I was working for a Rental Car company when it came out that the owner of the franchaise had been kiting cheques between the rental company and his used car company… worked out to about $4 Million :eek:

Impressive… till he got caught, so I wouldn’t suggest it… bastard put me out of a job!

Aha! So it turns out that my innocent little scheme actually has a name, and a case history. Verrrry interesting…

Is it considered a “bad thing” to write checks to yourself, or only if you try to withdraw the money that they give you right away? (My bank also does this, I think $300 or so of the check goes to you right away, the rest waits in limbo until the check clears.)

The latter. Writing a check to yourself is a common method of tranferring money to accounts in your name with different banks. It’s when you start taking advantage of the ‘float’ time between the deposit at bank A and the debit from bank B that you’re on shaky legal ground. The wisest course is not to withdraw or write checks on the deposit at bank A until the check from your account on bank B actually clears. (If you’re depositing a check from bank A to your account at bank A, and follow this advice, you are in fact simply depriving yourself of the money for several days. Or, more accurately, loaning the money to the bank interest-free for a few days. “Hey, thanks!” the bank will say. :stuck_out_tongue: )

Can I turn this into a f**k Wells Fargo thread???

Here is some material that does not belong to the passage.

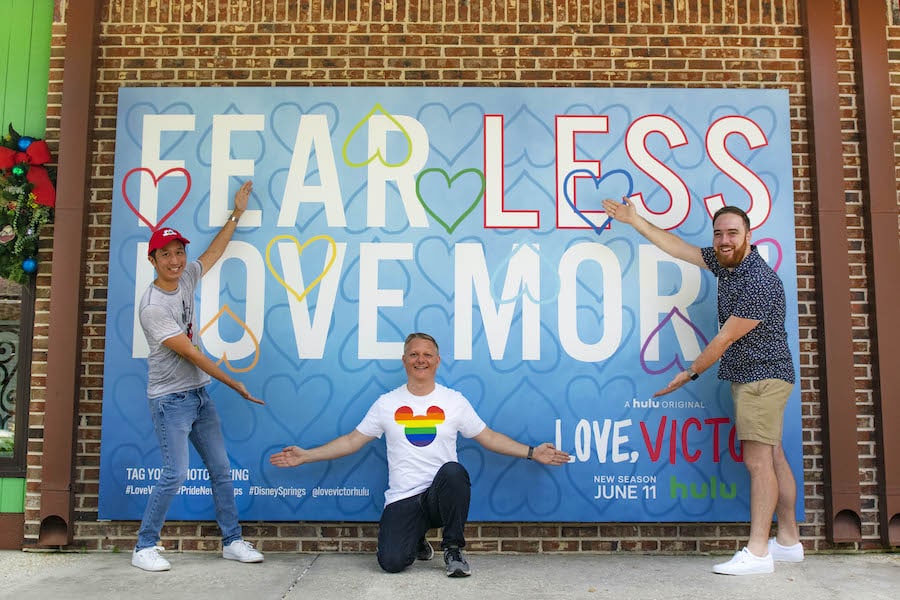 Members of the Disney PRIDE group posing in front of the Love, Victor photo wall in Disney Springs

I deposited my payroll check on the 10th, via ATM. I received a letter from “loss control” on the 14th saying they were holding my deposit, and not to write any checks against it until the 12th.
(I repeat, I received the letter on the 14th). The reason for the hold - they either believed that the check would not be payable from my employer, or they were basing it on my record of overdrafts and returned checks. I have no returned checks on my account in the past 10 years. And the company I work for is solid financially, besides the fact that I have been depositing checks for this amount (or larger) for the past year, at the same ATM, every other Friday. WTF??? Luckily, I did not write any checks all that week, but they would have lost a customer if I had written checks, and then been charged because they bounced. I phoned the customer service number after I received the letter and spoke with a “banker” (no doubt named Jason and approx. 20 years old), and he was clueless as to why any of this happened.

There. I feel a bit better. Not rant-worthy, but I had to rag on WF
for their stupid judgement call.

Anyone here really really like their bank???

The Expedited Funds Availability Act, enacted in 1987, lays down the rules on the availability and collection of monies for all state and nationally chartered banks, thrifts, credit unions, and savings and loans. In accordance with that law, there are three standard hold periods: one, two and five business days. For example, the act allows banks to hold local checks up to two business days, and out-of-state checks and ATM deposits up to five.

Banks are required to tell you when money is tied up beyond normal limits in the following cases:

  • You are a new account holder.
  • You have deposited more than $5,000 in the same day.
  • You are redepositing a check because it was returned unpaid, lacked an endorsement or was postdated.
  • You have a history of overdrawing your account.
  • The bank has “reasonable cause” to doubt the collectibility of a check.
  • Bank emergencies such as computer breakdowns.

In these exceptions, the bank must tell a customer – either at the time the deposit is made or via a notice mailed the following business day – how much is being held, the reason an exception is being invoked and a time frame for when the money will be available.

No. No. No. No. No. Maybe.

But why couldn’t the phone “banker” give me any details? And if the letter notifying me of the hold on the money doesn’t get delivered to me for 4 days, then how do I know that I shouldn’t write checks against the amount that was deposited? Grrrrrrrr.